Dante does this while, as far as I can tell (as a non-medievalist, and no longer even a Roman Catholic) remaining himself orthodox. He doesn’t question the pope’s authority as it was understood then. Check this example out: that evil pope who himself is burning in hell? He’d corrupted one of his own courtiers, who had previously been some kind of shady guy, but repented, turning his back on all the evil he’d done earlier in his life. (Think like Godfather 3.) The kicker? Evil Popey makes him go back! (“I try to get out and the Pope (!) keeps pulling me back in!”) Evil Pope gets him to betray some folks, by promising our repentant Michael Corleone, “Hey, yeah what I’m asking you to do is evil, but I’ll forgive you for all this evil you do for me. I’m the Vicar of Christ, so I can totally give you an Evil Pass.” So the courtier does said evil stuff. And gets ‘pardoned’.

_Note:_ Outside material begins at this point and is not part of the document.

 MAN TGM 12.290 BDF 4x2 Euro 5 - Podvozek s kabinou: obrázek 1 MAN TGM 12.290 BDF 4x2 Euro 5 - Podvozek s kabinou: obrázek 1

Now the demons in hell that Dante encounters are super pissed, because “Hey, that guy should totally belong to us! He did evil stuff!”

But Dante DOESN’T question that the evil pope effectively uses a loophole to get around God’s perfect justice. Nope. That courtier guy is heading for heaven—except the demons later tricked him into committing suicide by demons, a sin for which the pope apparently forgot to preemptively forgive him for.

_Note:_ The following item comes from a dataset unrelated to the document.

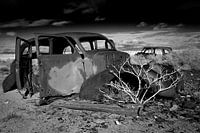 Abandoned oldtimer 1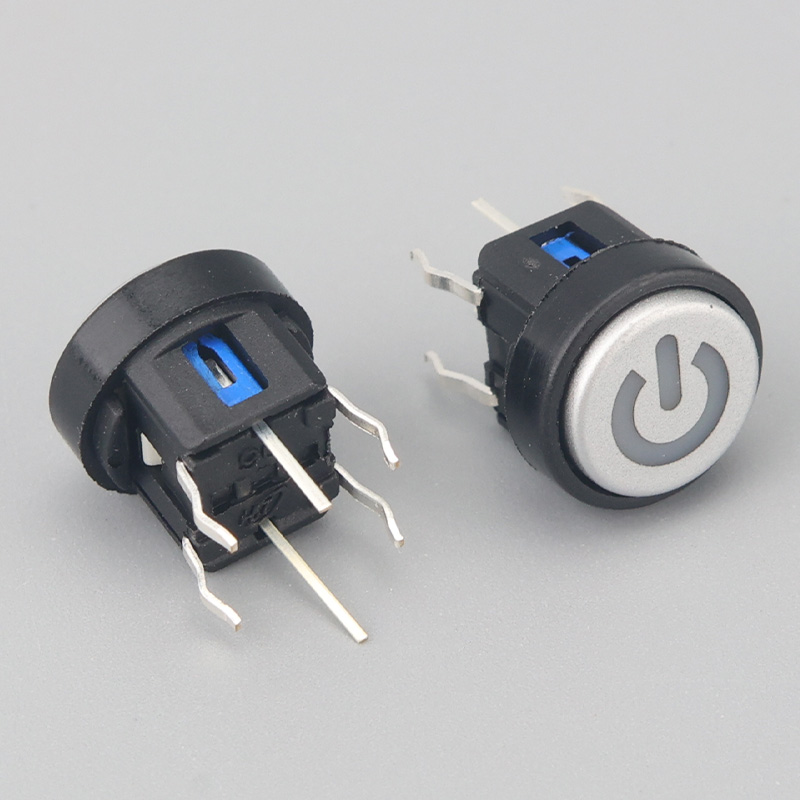 JC-TS668.4D-帶燈輕觸開關(guān)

This whole episode is listed as proof that the pope was evil: he used his authority to pervert eternal justice. That’s really, really bad. Later Protestants would say, “This is redonkulus! No one gets to use a loophole to escape God! That’s the whole point of eternal justice: often on Earth justice isn’t served, but we can deal with that because we know no one can escape God’s justice. If your doctrine lets people fool God, your doctrine is wack, yo. [Also, that you have Evil Popes in the first place seems to point out a problem in your system.]”

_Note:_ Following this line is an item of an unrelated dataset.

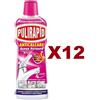 PULIRAPID 12 PULIRAPID ANTICALCARE ACETO SUPER POTENTE IGIENIZZANTE 750ML BRILLANTEZZA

Dante’s audacity though, goes further than merely presuming himself in the company of the greatest of the greats, and also being comfortable judging the quick and the dead: Dante sets out to out-epic Homer and Virgil.

Homer [with a battered old harp, ratty beard, and mismatched sandals–dude’s blind, give him a break on the fashion policing, people]: “Friends, Achaians, countrymen, lend me your ears. I’mma tell you about big war and a big voyage with the ideal Greek man.”

Homer’s poetry and story-telling, his nuance and his imagery would capture and define an entire culture, and deeply influence many others through the present. It’s hard to overstate his impact.

Virgil [strides forth in a solid gold toga, taking a bit of snuff from a slave]: “No offense, old sport, but your hero was bollocks, Homes. He was actually the bad chap, and not nearly as wonderful as you make him out to be. Let’s talk about that Trojan War thing, and I’ll subvert the Hades out of your narrative.”

Oh snap.

Virgil is a master of poetry and storytelling who is self-consciously telling the story of an entire people and their founding mythos, (small) warts and all (sorry ’bout that, Dido! a real James Bond always loves ’em and leaves ’em… burning!). Virgil meant his epic to be studied and admired by audiences high and low, and he meant to define his Romans as the best of the best. Sort of “the arc of history is long, but it bends toward Rome.”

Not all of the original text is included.